The frustration of your finance professor is understandable. However, we should be careful not to allow this frustration to throw out the practice of accrual accounting that has been carefully developed over the past 500 years. Some points that you might make in response to the finance professor are as follows:

• Research has demonstrated that net income is a better measure of a company’s economic performance for a period than is operating cash flow. This indicates that, on average, the accrual assumptions made by accountants add value to the data.

• Research has also demonstrated that current net income is a better forecaster of future operating cash flow than is current operating cash flow.

• Operating cash flow is also subject to manipulation through the timing of cash payments near the end of a quarter.
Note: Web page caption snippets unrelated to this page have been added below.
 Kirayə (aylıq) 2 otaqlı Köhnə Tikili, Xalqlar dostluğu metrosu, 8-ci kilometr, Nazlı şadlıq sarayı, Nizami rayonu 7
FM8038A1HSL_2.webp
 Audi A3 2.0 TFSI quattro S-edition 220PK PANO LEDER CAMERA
Rather than throwing out earnings, it makes more sense to punish those companies and managers who issue deceptive financial reports and reward those companies that engage in transparent financial reporting. Much of this punishment and reward can take place as financial statement users become more discriminating in their analysis of financial statements and the assumptions that underlie them.

Discussion Case 6(8

Of course, Cruella’s opinion is personally repugnant and reflects a very cynical view of the world. In addition, her opinion may very well reflect poor business judgment. Once financial statement users are aware of her opinion, they will be very skeptical about any financial statements she prepares. Users will have to do more independent verification to ensure that her financial statements are not intentionally misleading. Basically, Cruella’s approach will increase her company’s cost of capital.

Discussion Case 6(9

Accounting assumptions can be used to improve Heidelberg’s reported earnings as follows:

• Depreciation. Heidelberg can use longer depreciation lives. Also, if the company is using an accelerated method for any of its long-term assets, it can switch to straight line.
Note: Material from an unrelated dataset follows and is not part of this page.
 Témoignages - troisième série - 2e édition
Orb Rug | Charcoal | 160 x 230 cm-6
• Bad debts. Heidelberg can reduce its bad debt allowance as a percentage of outstanding accounts receivable. This is equivalent to reducing bad debt expense as a percentage of sales.

• Pensions. As explained in Chapter 17, two key assumptions related to accounting for a defined benefit pension plan are the assumption about the implicit interest cost associated with the unpaid pension obligation to the employees and the expected long-run rate of return to be earned on the pension fund. Lowering the former percentage and raising the latter reduces the reported amount of pension expense.

Four major categories of financial statement users are investors (including financial analysts), banks, the board of directors, and other stakeholders (such as suppliers, employees, local governments, and so forth). The first three groups are usually sophisticated financial statement users and are the least likely to be influenced by blatant earnings management. The final group, the other stakeholders, are the least sophisticated of financial statement users. They are most likely to be influenced, in a public relations sense, by the four quarters of reported profits in the centennial year. They also are the least likely to carefully scrutinize the financial statements to see whether any deceptive earnings management has taken place.

This scenario matches the general fact situation in a well-known Harvard Business School case, Harnischfeger Corporation, written by Professor Krishna Palepu.

Discussion Case 6(10

First, whether a company is a good investment or not depends primarily on what the current market price of the stock is. Every stock is a good investment at some price. Setting that aside, your analysis of Denethor’s financial statements suggests that the company may have engaged in earnings management in the most recent year by changing its depreciation life estimates. The explanation given in the financial statement notes looks to be merely a boilerplate justification; no explanation is given for what changed this year to cause the depreciation estimate to be changed. The evidence suggests that the key factor motivating the change was a desire to report positive rather than negative earnings. Once you put all of this together, the one definitive statement is that you now are questioning the credibility of Denethor’s management. It would probably be appropriate to pass along these doubts to your client.

Discussion Case 6(11

In Accounting and Auditing Enforcement Release No. 1405, Administrative Proceeding File No. 3-10513 dated June 19, 2001, the SEC had the following to say with respect to the Arthur Andersen audit of Waste Management:

Waste Management's financial statements were not presented fairly, in all material respects, in conformity with GAAP for 1993 through 1996. For each year 1993 through 1996, Andersen, as a result of the conduct of certain of its partners as described herein, knew or was reckless in not knowing that the Company's financial statements were not presented fairly, in all material respects, in conformity with GAAP but nonetheless approved the issuance of an unqualified audit report on the financial statements each year.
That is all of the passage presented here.